(Captioned web images)

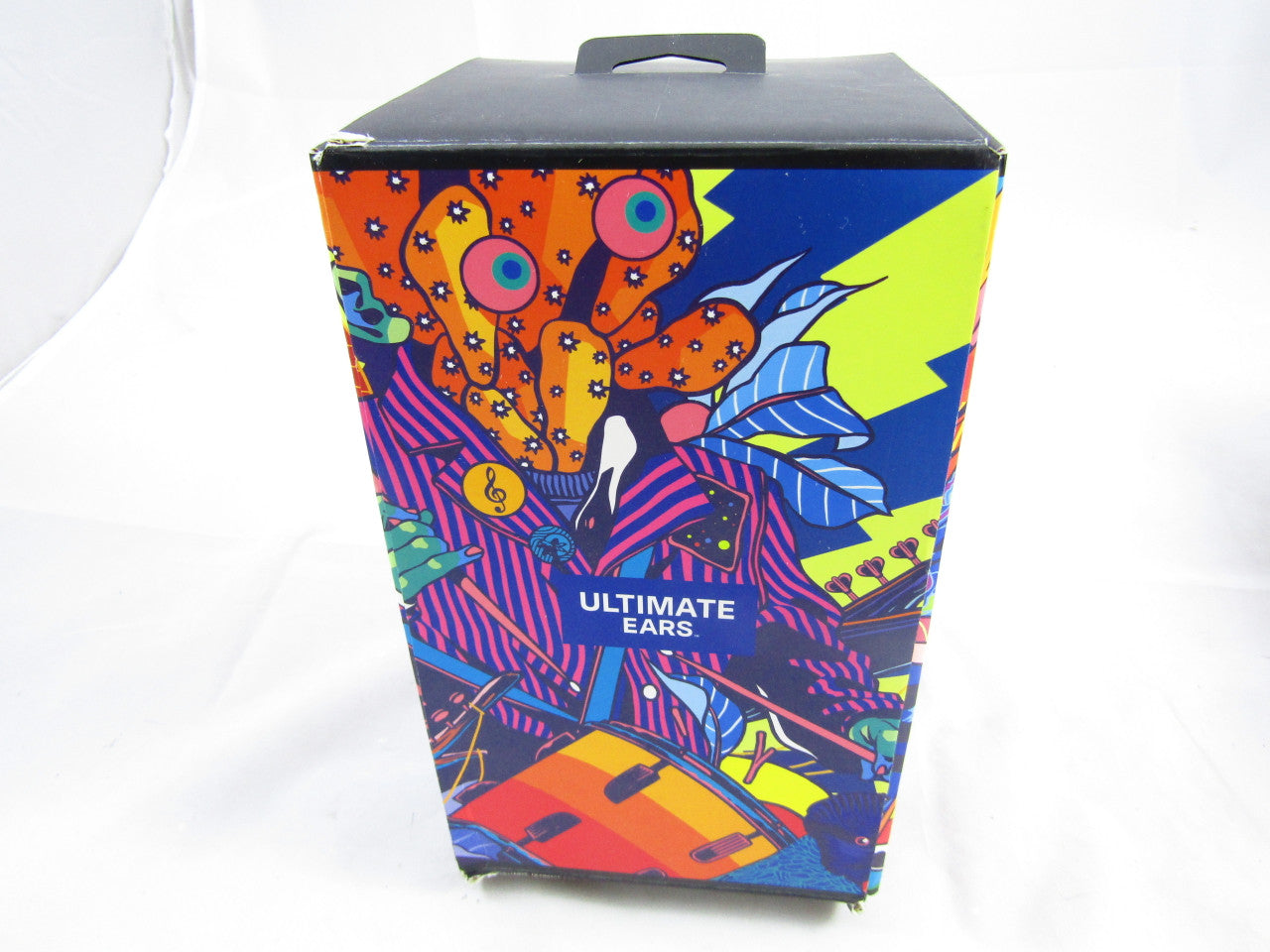 Ultimate Ears MEGABOOM 3 Portable Waterproof Bluetooth Speaker - Lagoon Blue LN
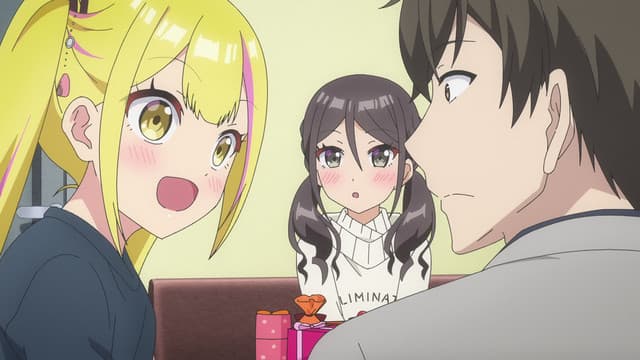 Episode: Episode 12 - Valentine's in Gifu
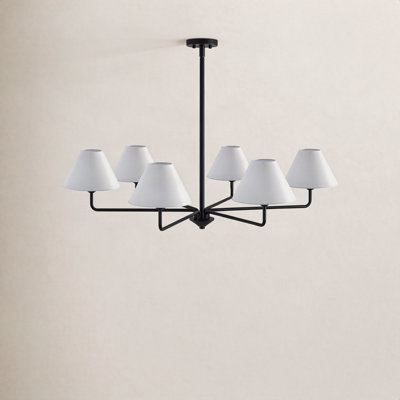 6-Light Chandelier
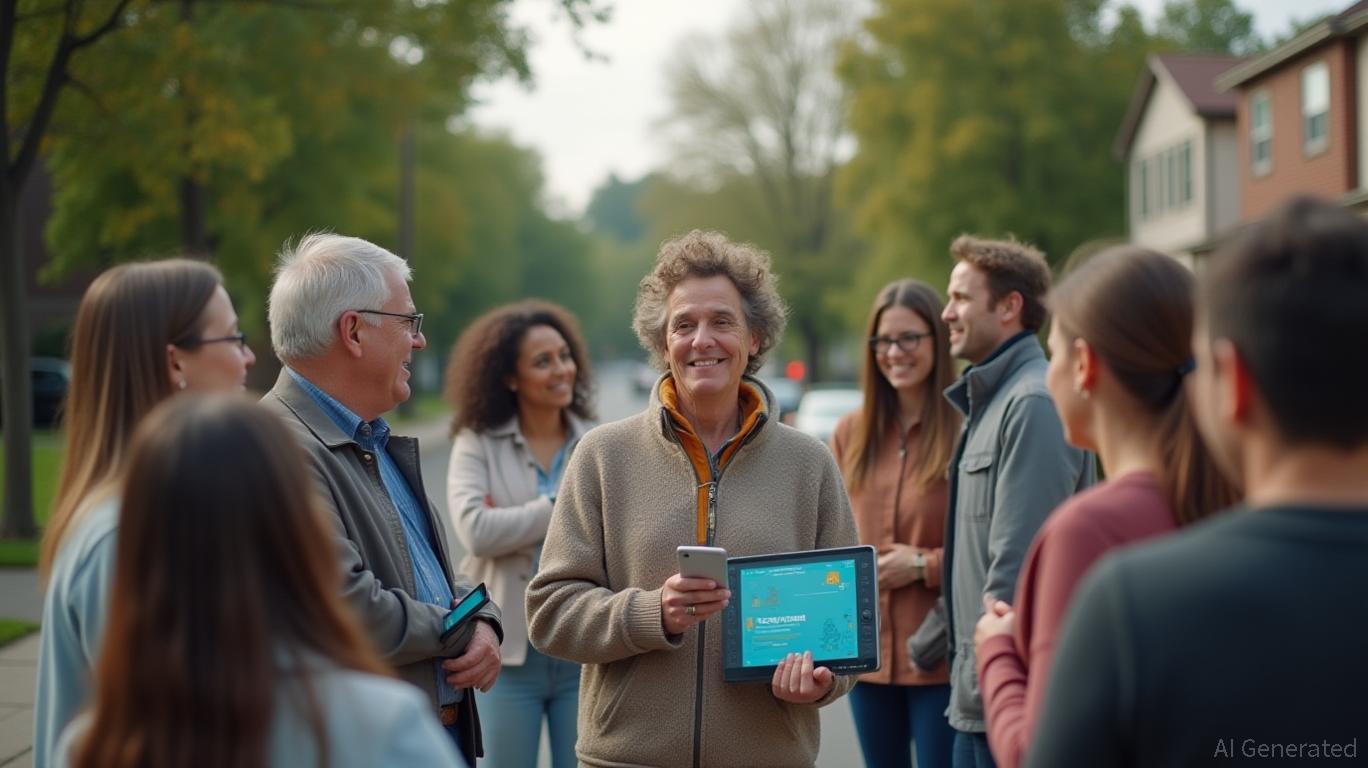 Nextdoor and Waze Partner for Real-time Traffic and Road Alerts on Neighborhood Network.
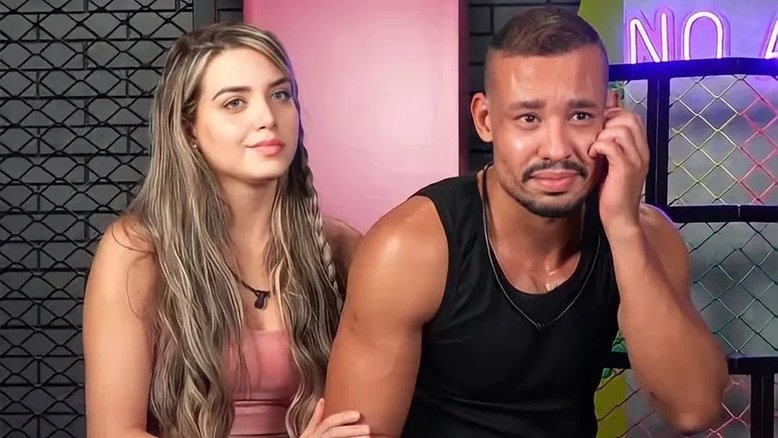 Mussunzinho e Karoline Menezes anunciam fim de casamento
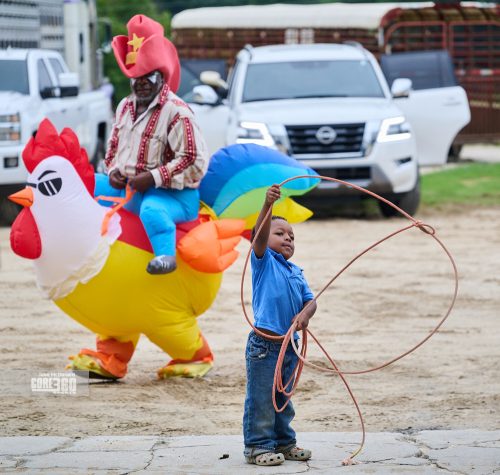 Beyonce’, Rodeos, and Country Culture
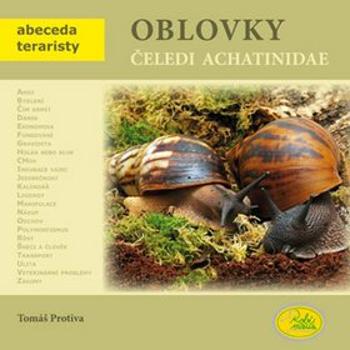 Oblovky čeledi Achatinidae (978-80-87293-22-5)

What you have to do: Copy out exactly the lines between the line that contains "Mussunzinho e Karoline" and the last line of the records, both ends included; leave out every picture.

Finished task:
 Mussunzinho e Karoline Menezes anunciam fim de casamento
 Beyonce’, Rodeos, and Country Culture
 Oblovky čeledi Achatinidae (978-80-87293-22-5)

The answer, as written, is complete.